On November 15, the Lviv regional court heard the case of Vyacheslav Chornovil indicted for offenses under Article 187-1 of the Ukrainian SSR’s Criminal Code. He was accused of spreading false information that “defiles the Soviet social system” (libel). The court sentenced V. M. Chornovil to serve 3 years in a prison camp.
On December 22, the USSR SS Presidium awarded the Ukrainian SSR Order of the October Revolution. In December, Europe’s largest rolling mill “350” put out its first product at the Dnieper Metallurgical Works (Dniprodzerzhynsk).
1979
This year is, of course, painted red: on December 27, when the presidential palace in Kabul was taken by storm, the first Soviet units entered Afghanistan. From this time until February 15, 1989, the “limited contingent” officially lost 14,433 servicemen and 20 civilians as killed in action, 298 as missing in action, 54,000 as wounded and 416,000 as sick. There also is a higher estimate of Soviet losses: 35, 50 and more thousand of those killed. Many hundreds of thousands of people went through the Afghan ordeal, with Ukrainians always accounting for 30 to 40% of the personnel.

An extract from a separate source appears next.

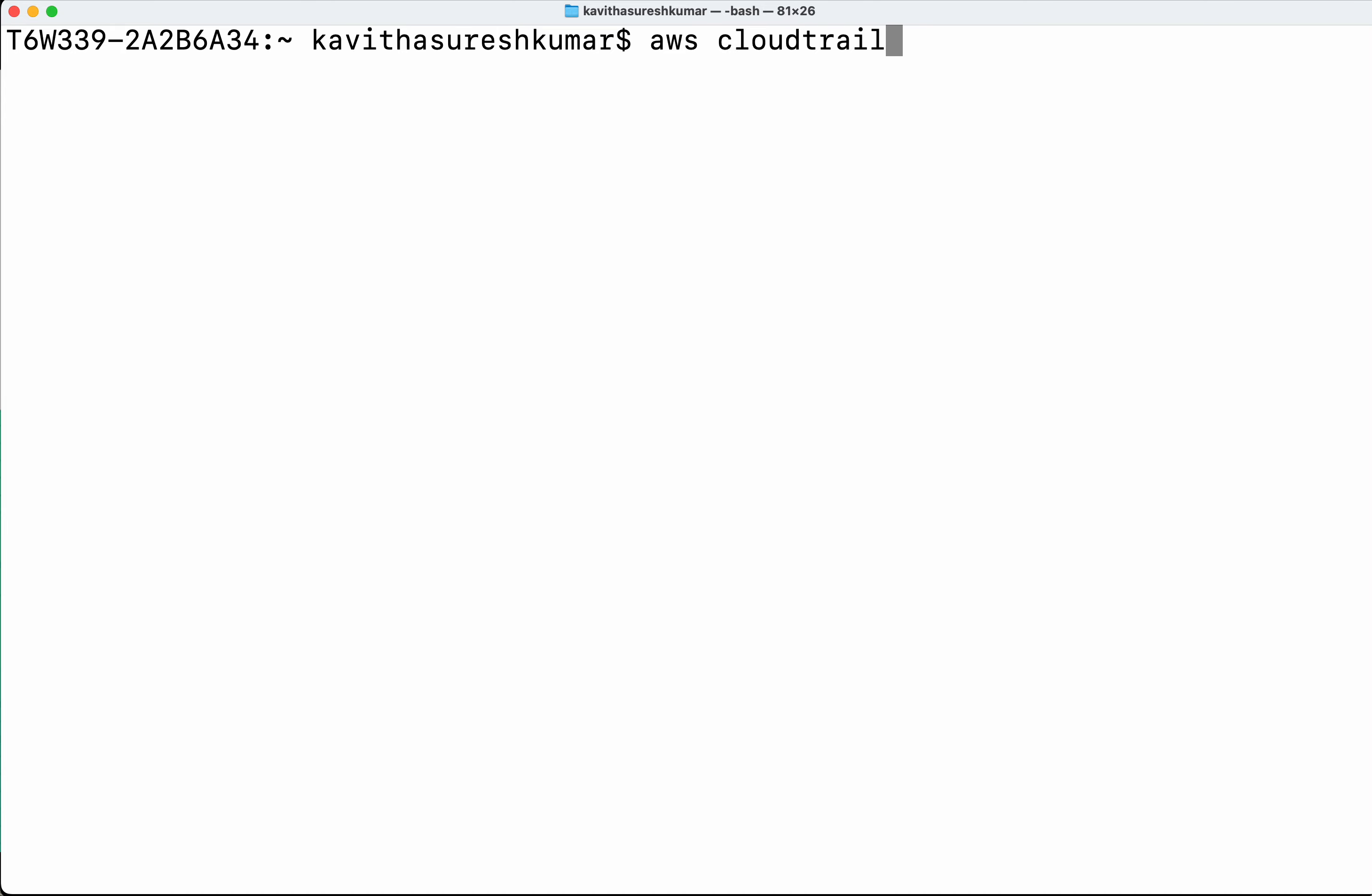AWS CloudTrail, then create-trail. Then we need to give the name of the trail which is going to be 'trail'.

Kyiv hosted a ceremonial meeting in honor of the 325th anniversary of the “reunification” of Ukraine with Russia.
At the end of winter, the USSR KGB redoubled its efforts to stamp out the dissident movement in Ukraine — many militants of the Ukrainian Helsinki Group (UHG) and the Union of Relatives of the Imprisoned Evangelical Baptists were arrested. In October, I. Zisels, Ya. Lesiv, Z. Krasivsky, P. Rozumny, and poet Vasyl Stus were admitted to the UHG. On December 17-21, district center Kaharlyk, Kyiv oblast, saw a trial of writer Oles Berdnyk, a human rights champion and one of the UHG founders, who was sentenced to 6 years of imprisonment and 3 years of internal exile.
The Ukrainian SSR was admitted, as a UN member, to the Intergovernmental Committee on Science and Technology for Development.
1991
The year is painted blue and yellow, for Ukraine became an independent state.

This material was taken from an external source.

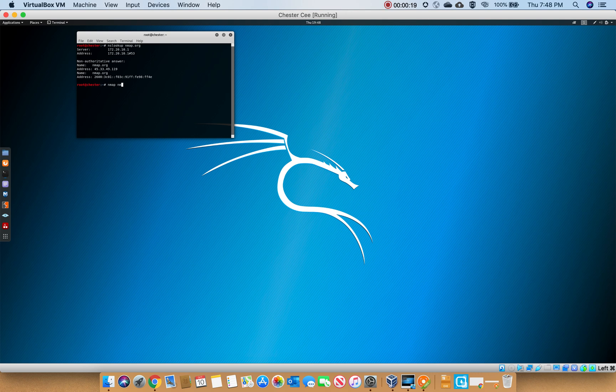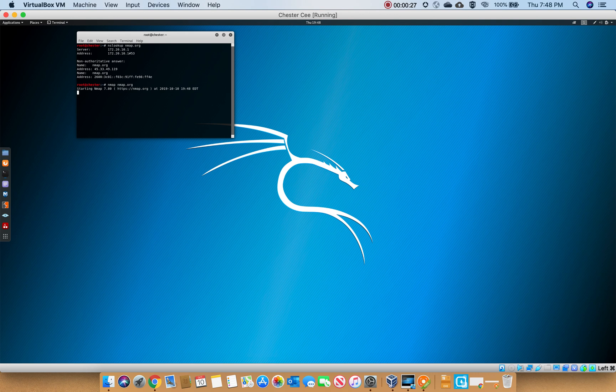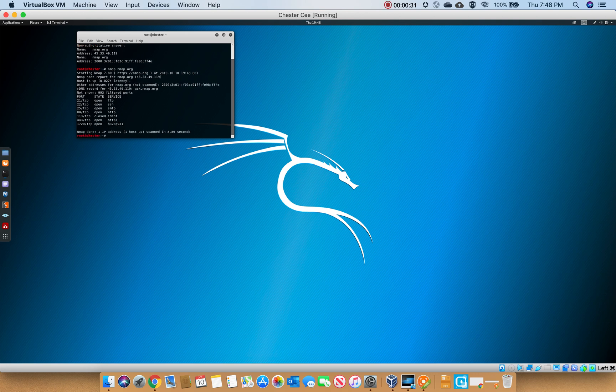You can use the domain name or you can use the IP address, it really doesn't matter. But if it's a device, obviously it's going to have an IP. There we go, so we got all the ports.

The Ukrainian SSR Supreme Soviet Presidium issued a statement on January 14 in connection with the events in Lithuania, which condemned the use of military force by the USSR’s governmental bodies. On February 12, Kyiv resolved to reestablish the Crimean Autonomous Republic.

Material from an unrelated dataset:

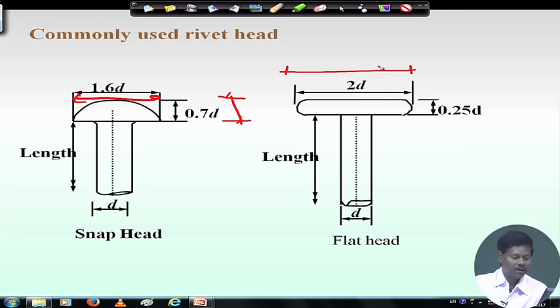For the flat head, the head width is 2d and head height is 0.25d, where d is the nominal diameter of the rivet. There are two types of diameter: the rivet nominal diameter and the hole diameter. The hole diameter is sometimes 1.5 or 2 mm more than the actual nominal diameter.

On March 17, 70.16% of Ukrainian participants in the all-USSR referendum voted for the retention of the USSR, but only (a very important reservation) on the principles of the Declaration on National Sovereignty of the Ukrainian SSR. On March 31, Cardinal M. Liubachivsky, head of the Ukrainian Greek Catholic Church, returned to St. George’s Cathedral in Lviv. On April 17, the Ukrainian SSR SS passed a law on rehabilitation of the victims of political repression and, on April 23, a law on the freedom of speech and religious associations. March and April saw a powerful coal miners’ strike which played an important role in shaking the communist regime’s foundations.
On June 5, the Ukrainian SSR SS passed a law instituting the office of the Ukrainian SSR President. After an abortive coup in Moscow (GKChP) on August 24, the Ukrainian SSR SS passed the Act on the Proclamation of Ukraine’s Independence. On September 4, a blue-and-yellow flag was hoisted over the Verkhovna Rada of Ukraine building. On October 24, VR passed the Declaration on the Non-Nuclear Status of Ukraine.
December 1 was the day when a nationwide referendum and the elections of Ukraine’s first President were held. 90.32% of referendum participants voted for Ukrainain independence, while Leonid Kravchuk polled 61% of Ukrainian citizens’ votes and was thus elected President of Ukraine in the first round.